In their recent article, Brown et al analyse several ethical aspects around immunity passports and put forward some recommendations for implementing them. Although they offer a comprehensive perspective, they overlook two essential aspects. First, while the authors consider the possibility that immunological passports may appear to discriminate against those who do not possess them, the opposite viewpoint of immune people is underdeveloped. We argue that if a person has been tested positive for and recovered from COVID-19, becoming immune to it, she cannot be considered a hazard to public health and, therefore, the curtailment of her fundamental rights (eg, the right to freedom of movement) is not legitimate.

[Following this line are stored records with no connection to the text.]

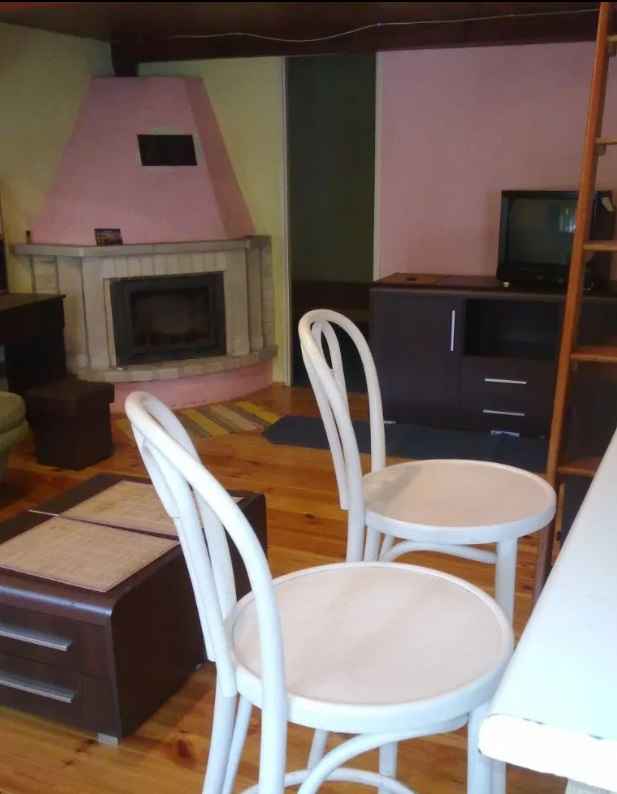 2pok, 39met, Plac Grunwaldzki ANTRESOLA/PIWNICA (Wrocław) Śródmieście - zdjęcie 4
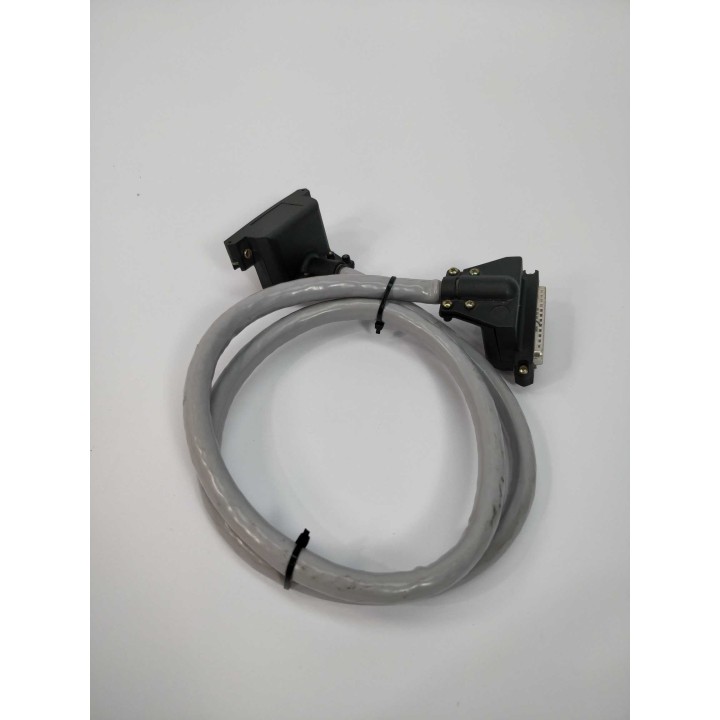 SCHNEIDER ELECTRIC TSXCBA008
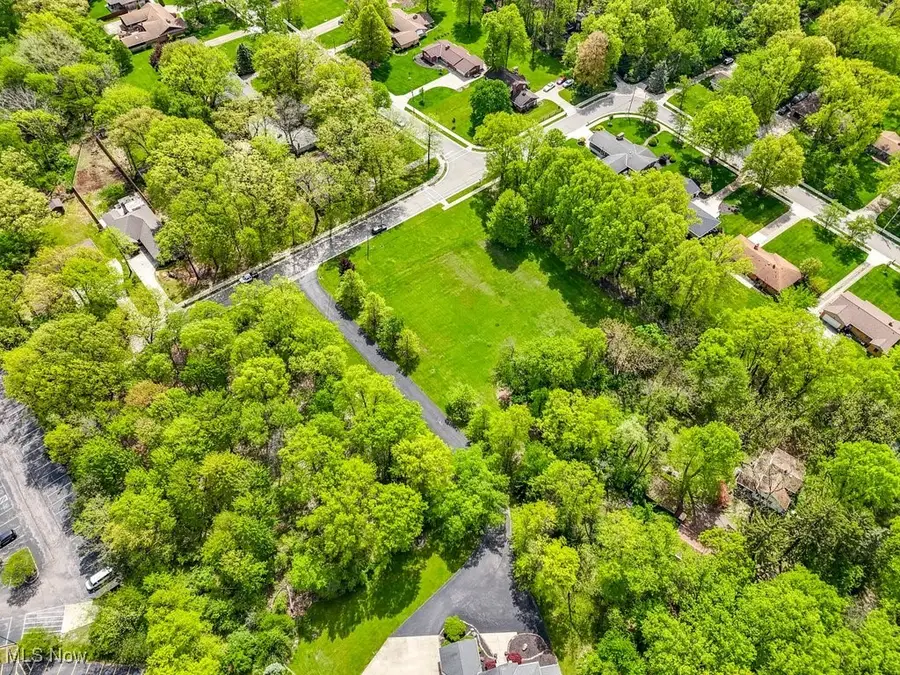 Daisy Boulevard, Independence, OH 44131 - #3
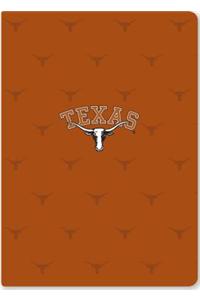 The University of Texas at Austin Journal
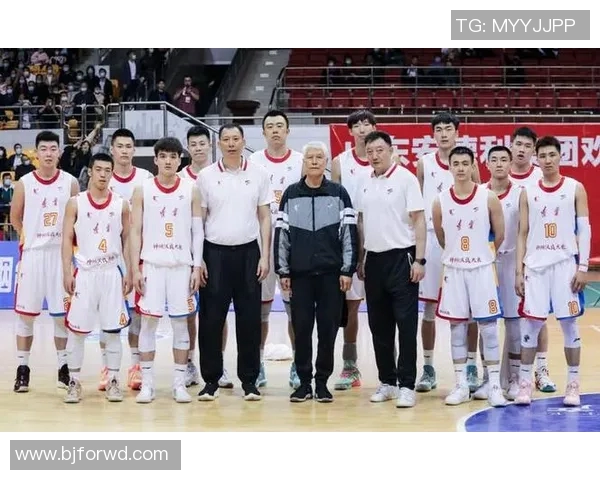 全运会积分榜更新西安足球队以53分稳居第一名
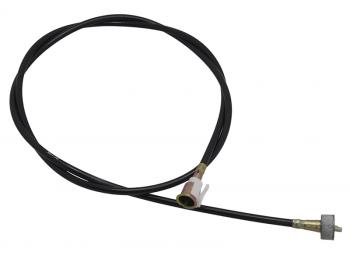 Трос спидометра TOYOTA LAND CRUISER ##J80 90-98 SAT ST-325-0017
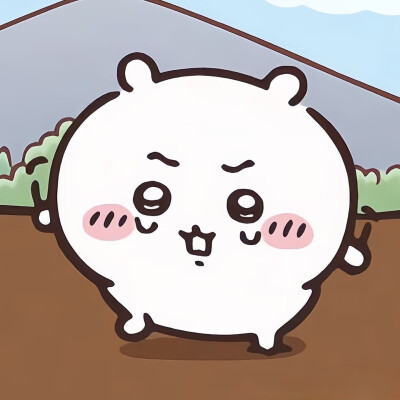 吉伊卡哇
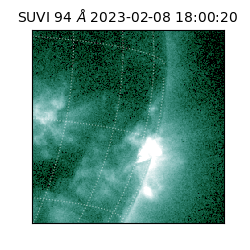 suvi - 2023-02-08T18:00:20.634000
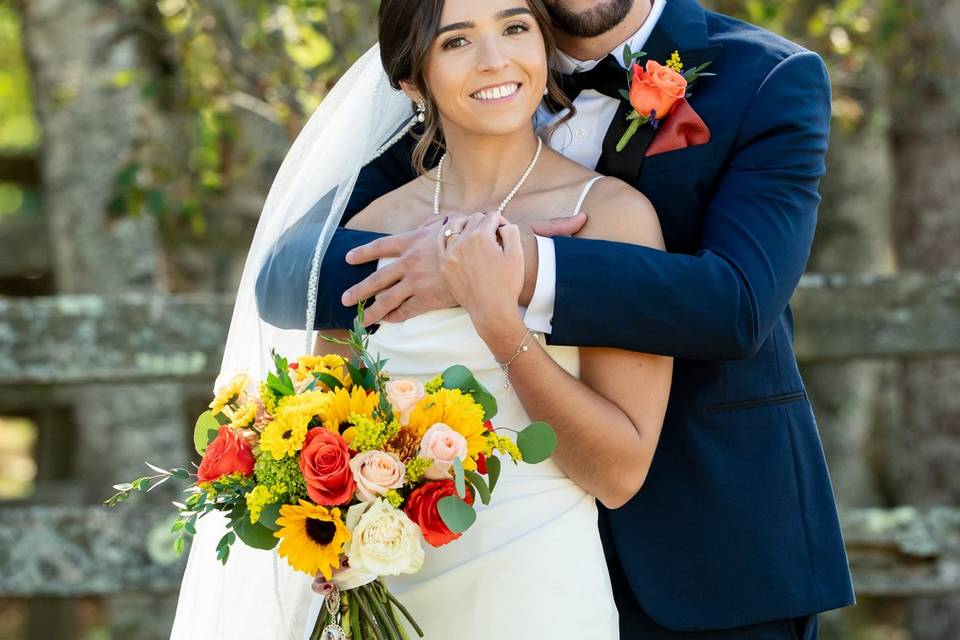 Rob Springs Photography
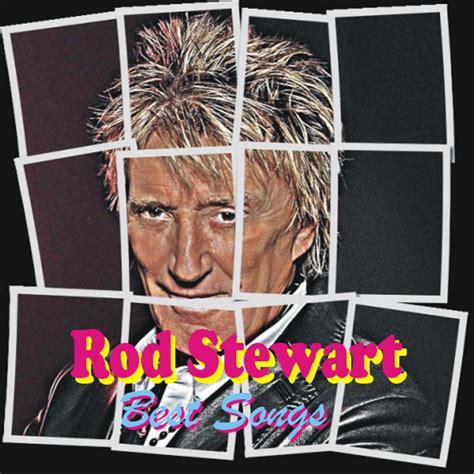 Rod Stewart Sailing Song for Android - APK Download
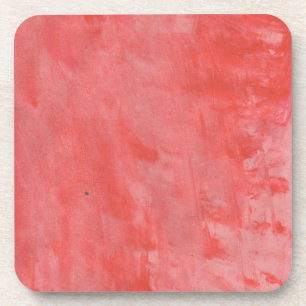 Dessous-de-verre Aquarelle 7A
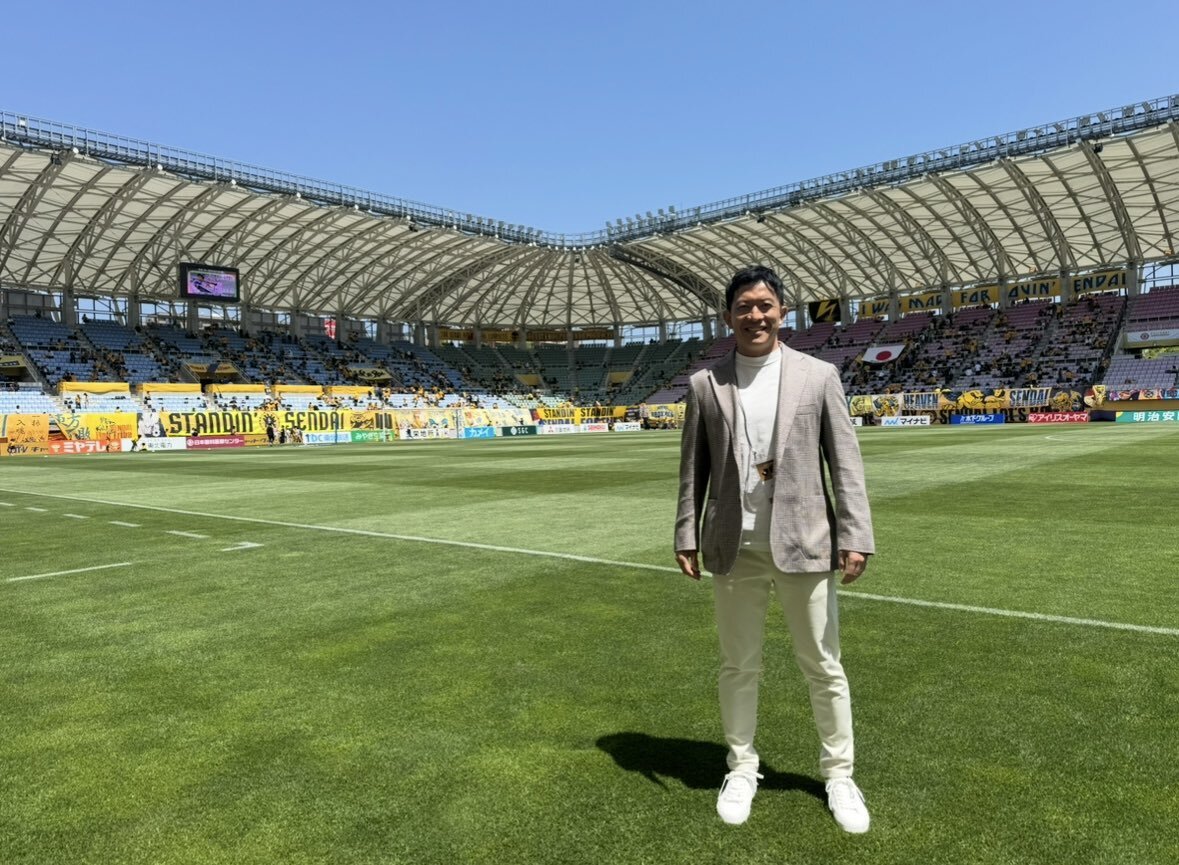 X（旧Twitter）で話題のおもしろ画像や動画 - Yahoo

Second, they omit that vaccine distribution will create similar problems related to immunity-based licenses. Vaccine certificates will de facto generate a sort of immunity passport. In the next phases of the pandemic, different immunity statuses will be at stake, because the need to identify who can spread COVID-19 is unavoidable. If a person does not pose a threat to public health because she cannot spread the infection, then her right to freedom of movement should be respected, regardless of how she acquired that immunity.

  • ethics
  • law
  • public policy
  • rights
https://creativecommons.org/licenses/by/4.0/

This is an open access article distributed in accordance with the Creative Commons Attribution 4.0 Unported (CC BY 4.0) license, which permits others to copy, redistribute, remix, transform and build upon this work for any purpose, provided the original work is properly cited, a link to the licence is given, and indication of whether changes were made. See: https://creativecommons.org/licenses/by/4.0/.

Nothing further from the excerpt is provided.